* **RECORDED INFORMATION**
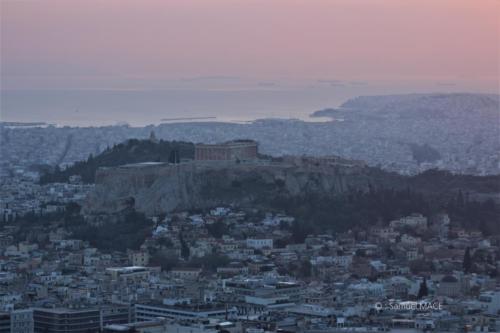 Athènes (Syntagma) - Grèce - Novembre 2022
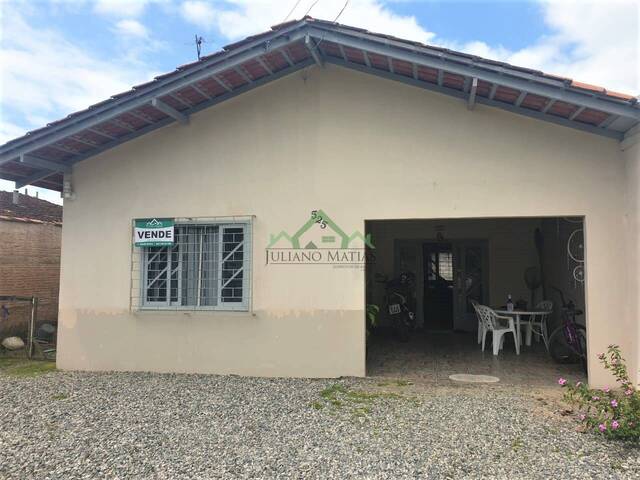 #1888 - Casa para Venda em Balneário Barra do Sul - SC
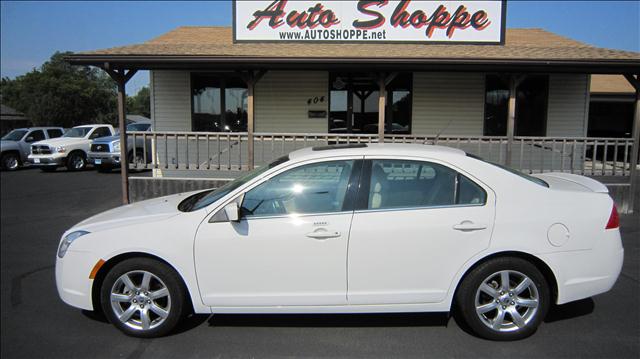 2010 Mercury Milan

* **TASK**
Copy the data verbatim, skipping any image it holds.

* **YOUR SOLUTION**
 Athènes (Syntagma) - Grèce - Novembre 2022
 #1888 - Casa para Venda em Balneário Barra do Sul - SC
 2010 Mercury Milan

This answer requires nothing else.